Task directions:
Below is a block of entries; repeat exactly the lines starting at the line that contains "alt message - Manyavar" and ending at the line that contains "Latest burnt orange", both included.
[Start of section]
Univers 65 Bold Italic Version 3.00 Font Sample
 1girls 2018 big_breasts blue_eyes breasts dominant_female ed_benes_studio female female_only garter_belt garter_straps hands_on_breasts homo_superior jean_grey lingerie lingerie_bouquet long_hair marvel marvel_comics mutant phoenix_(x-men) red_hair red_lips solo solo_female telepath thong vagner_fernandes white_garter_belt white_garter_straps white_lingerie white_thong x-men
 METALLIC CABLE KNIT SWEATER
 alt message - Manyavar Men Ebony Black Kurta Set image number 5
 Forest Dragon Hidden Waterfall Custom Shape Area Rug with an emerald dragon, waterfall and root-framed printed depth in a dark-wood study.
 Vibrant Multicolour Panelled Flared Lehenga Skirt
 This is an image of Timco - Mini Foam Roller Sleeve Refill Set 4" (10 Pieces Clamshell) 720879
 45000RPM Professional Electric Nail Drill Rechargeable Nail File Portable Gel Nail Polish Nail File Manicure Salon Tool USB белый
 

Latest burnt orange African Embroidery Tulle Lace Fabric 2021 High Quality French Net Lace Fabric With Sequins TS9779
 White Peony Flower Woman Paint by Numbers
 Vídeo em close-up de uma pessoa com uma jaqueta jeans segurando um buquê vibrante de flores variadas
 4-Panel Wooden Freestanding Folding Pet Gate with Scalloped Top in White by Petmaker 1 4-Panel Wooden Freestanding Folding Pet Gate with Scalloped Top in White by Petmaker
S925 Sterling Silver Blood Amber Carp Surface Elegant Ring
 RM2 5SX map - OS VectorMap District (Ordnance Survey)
[End of section]
Solution for this problem:
 alt message - Manyavar Men Ebony Black Kurta Set image number 5
 Forest Dragon Hidden Waterfall Custom Shape Area Rug with an emerald dragon, waterfall and root-framed printed depth in a dark-wood study.
 Vibrant Multicolour Panelled Flared Lehenga Skirt
 This is an image of Timco - Mini Foam Roller Sleeve Refill Set 4" (10 Pieces Clamshell) 720879
 45000RPM Professional Electric Nail Drill Rechargeable Nail File Portable Gel Nail Polish Nail File Manicure Salon Tool USB белый
 

Latest burnt orange African Embroidery Tulle Lace Fabric 2021 High Quality French Net Lace Fabric With Sequins TS9779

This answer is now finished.